Other than the obvious answer that they all have $$$. What work ethics do the great directors possess? What qualities other than (having connections) do all they have that allows them to make the big pictures?
The answer is somewhat simple. The DIRECTOR's are able to maintain a cohesive vision that is their own by communicating and effectively keeping their style over a film with hundreds, and even sometimes thousands of people working on it.
There is the studio, the producers, all the department heads - they all work WITH (not FOR) the director. The director has to answer to the producers and studio. They are his BOSSES, not his BITCHES. If you can maintain your directoral vision answering to that bureaucracy, then I think they are the ones you are referring to.

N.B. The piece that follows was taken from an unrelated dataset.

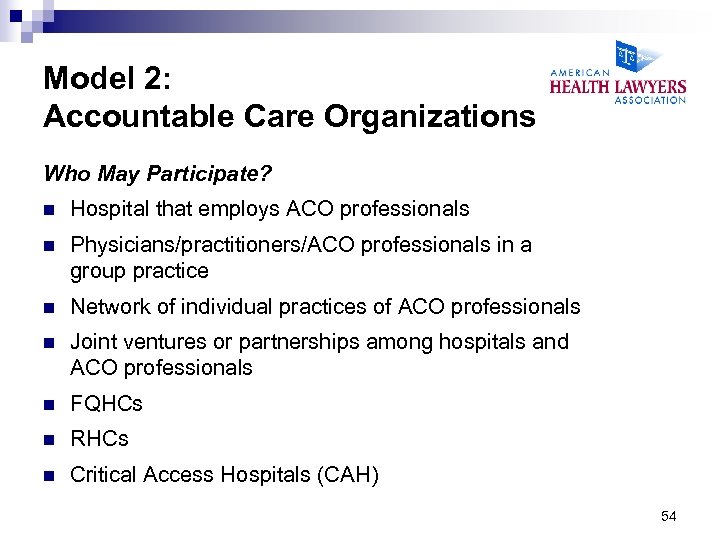Model 2: Accountable Care Organizations Who May Participate? n Hospital that employs ACO professionals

They get to make movies because their style makes the studio money, then they loosen the leash a little on their creative vision.
It's called being a TEAM PLAYER. Orsen Welles had vision. They gave him total freedom on his first film. He lost money. He never had it again.
For me great filmmakers do what they want.. you know, this is my style.. deal with it.
I hope by this definition, you are referring to "filmmakers" to refer to the entire team including DP's, director's, producers, actors, writers, editors, sound dept. etc.
Very few directors are their own producers, editors, writers, casting, etc. Even Spielberg does not have total autonomy. They way marketing over simplifies the process to make it palatable to the general public, you would think that a film's director is the sole author of most big Hollywood films. This simply isn't true.
Most of the world's best known "filmmakers" meaning directors are partners with longstanding producers.
Ron Howard has Brian Grazer. Spielberg has Kathleen Kennedy. Quentin Tarantino has Lawrence Bender. Kevin Smith has Scott Mosier. The list goes on and on.
Filmmaking is a collaborative art. See above as to who the director works for and then understand the reality is that on a budget over $30 million, every single decision a director makes has to be approved by the producers and the studio paying for it.